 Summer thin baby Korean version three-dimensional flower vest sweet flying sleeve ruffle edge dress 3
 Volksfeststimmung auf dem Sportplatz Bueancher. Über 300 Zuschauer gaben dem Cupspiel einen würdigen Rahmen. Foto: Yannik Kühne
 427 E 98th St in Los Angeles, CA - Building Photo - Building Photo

◆ ◆ ◆ ◆ ◆ ◆ ◆

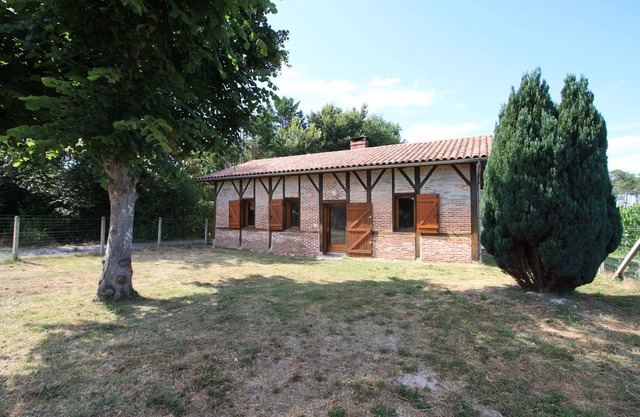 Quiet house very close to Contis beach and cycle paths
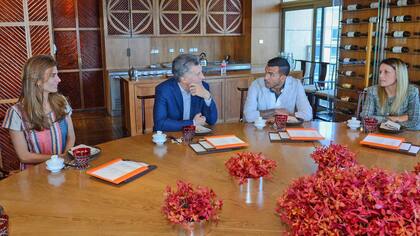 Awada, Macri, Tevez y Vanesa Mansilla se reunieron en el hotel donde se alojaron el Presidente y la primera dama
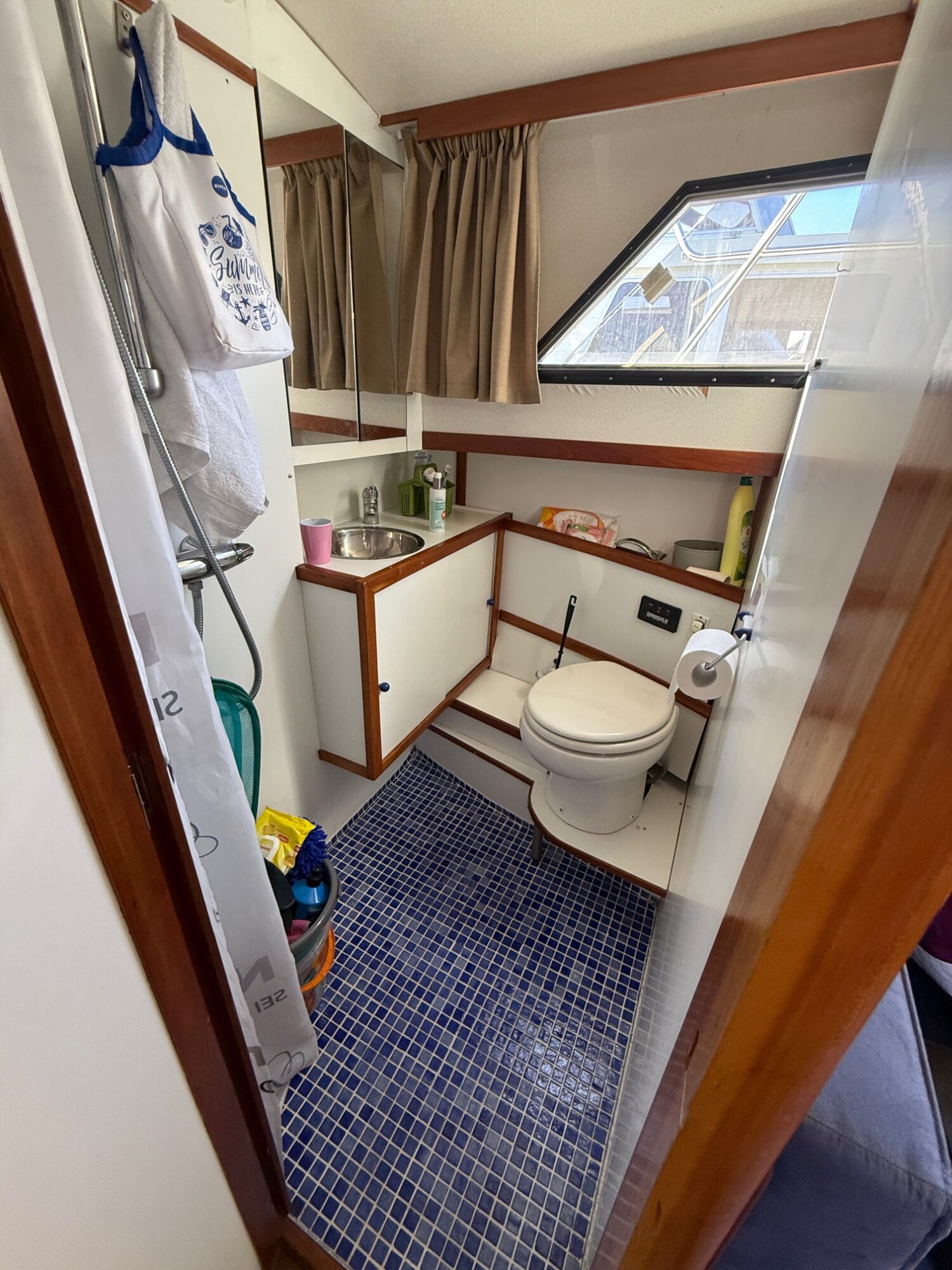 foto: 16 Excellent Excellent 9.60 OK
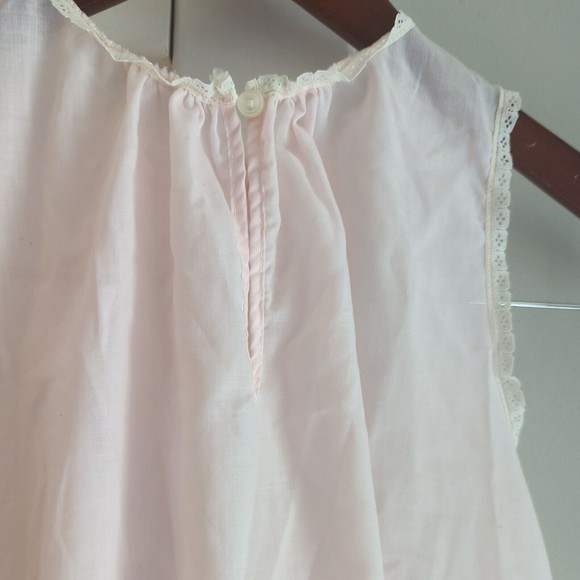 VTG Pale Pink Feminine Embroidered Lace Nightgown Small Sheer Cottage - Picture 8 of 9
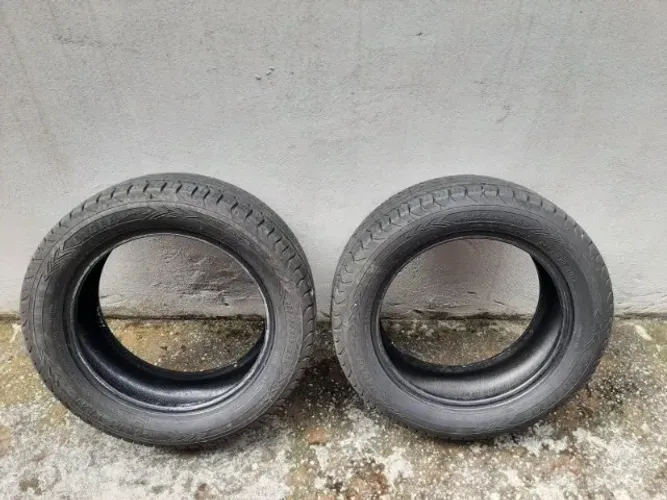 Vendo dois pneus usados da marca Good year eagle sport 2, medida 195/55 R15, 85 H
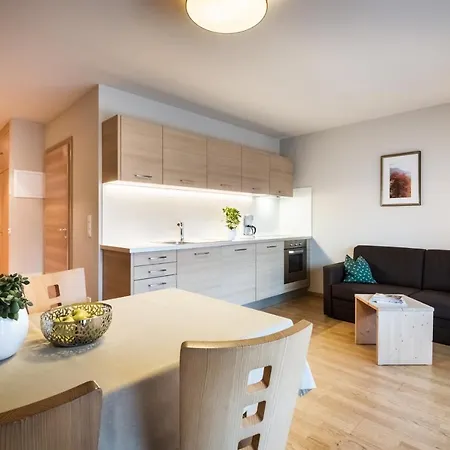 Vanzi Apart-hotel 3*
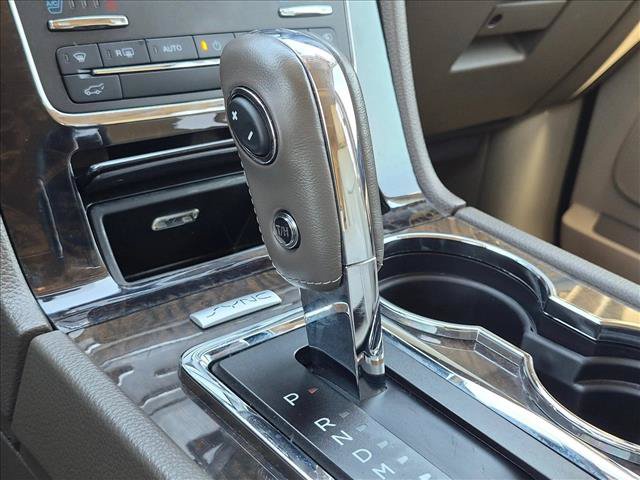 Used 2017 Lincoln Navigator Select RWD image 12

◆ ◆ ◆ ◆ ◆ ◆ ◆

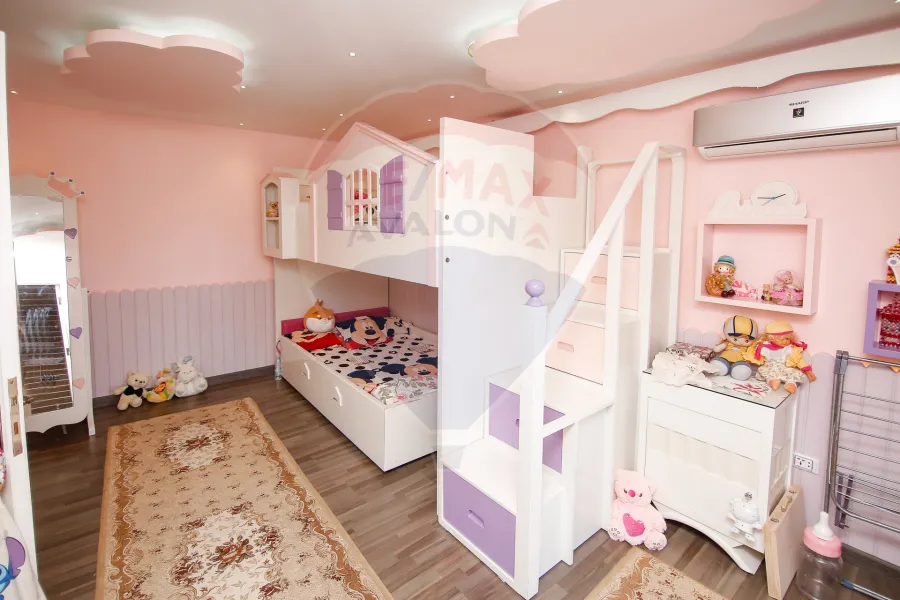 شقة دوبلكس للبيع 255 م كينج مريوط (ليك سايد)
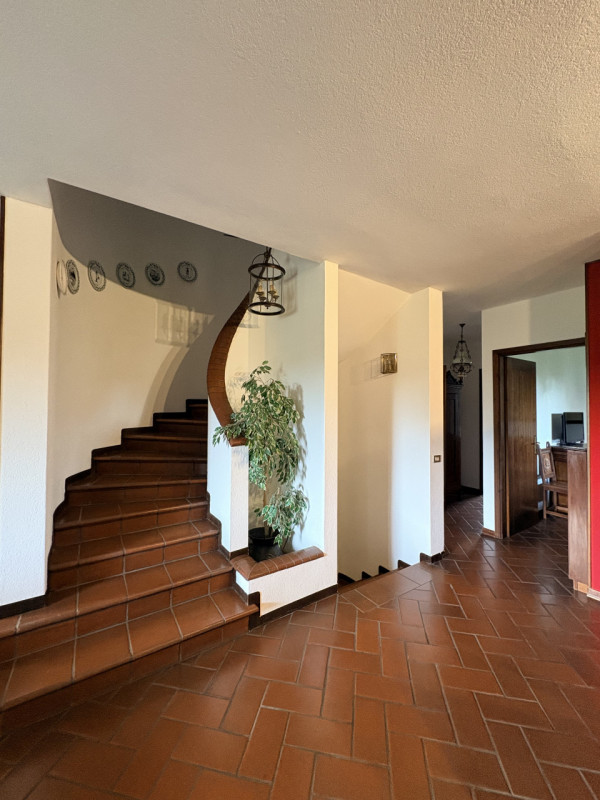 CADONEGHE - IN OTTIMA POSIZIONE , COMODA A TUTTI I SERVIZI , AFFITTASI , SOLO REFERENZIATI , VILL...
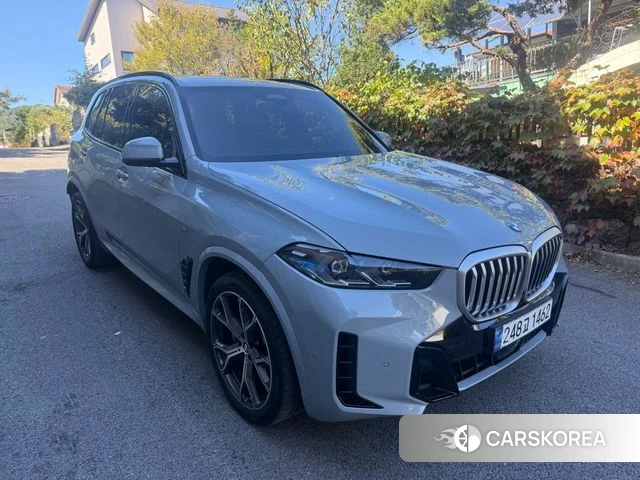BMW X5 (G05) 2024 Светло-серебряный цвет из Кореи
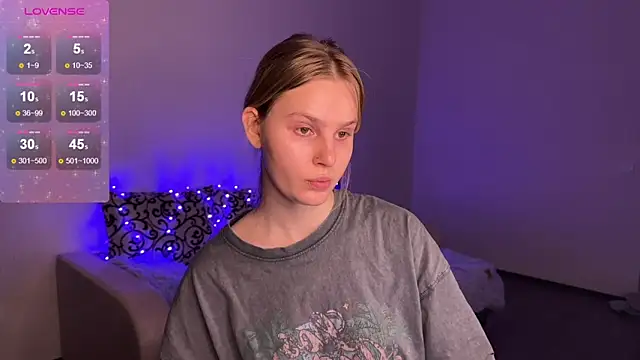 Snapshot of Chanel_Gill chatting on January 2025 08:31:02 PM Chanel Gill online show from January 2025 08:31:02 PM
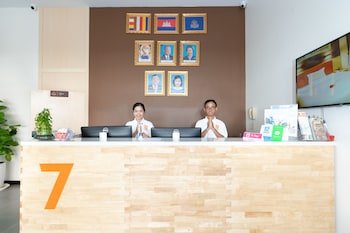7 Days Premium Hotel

◆ ◆ ◆ ◆ ◆ ◆ ◆

▸ **EXERCISE DIRECTIONS**:
Above are the records; print exactly the lines from the line with "Summer thin baby" to the line with "427 E 98th St", including both, and nothing else.

▸ **THE ANSWER**:
 Summer thin baby Korean version three-dimensional flower vest sweet flying sleeve ruffle edge dress 3
 Volksfeststimmung auf dem Sportplatz Bueancher. Über 300 Zuschauer gaben dem Cupspiel einen würdigen Rahmen. Foto: Yannik Kühne
 427 E 98th St in Los Angeles, CA - Building Photo - Building Photo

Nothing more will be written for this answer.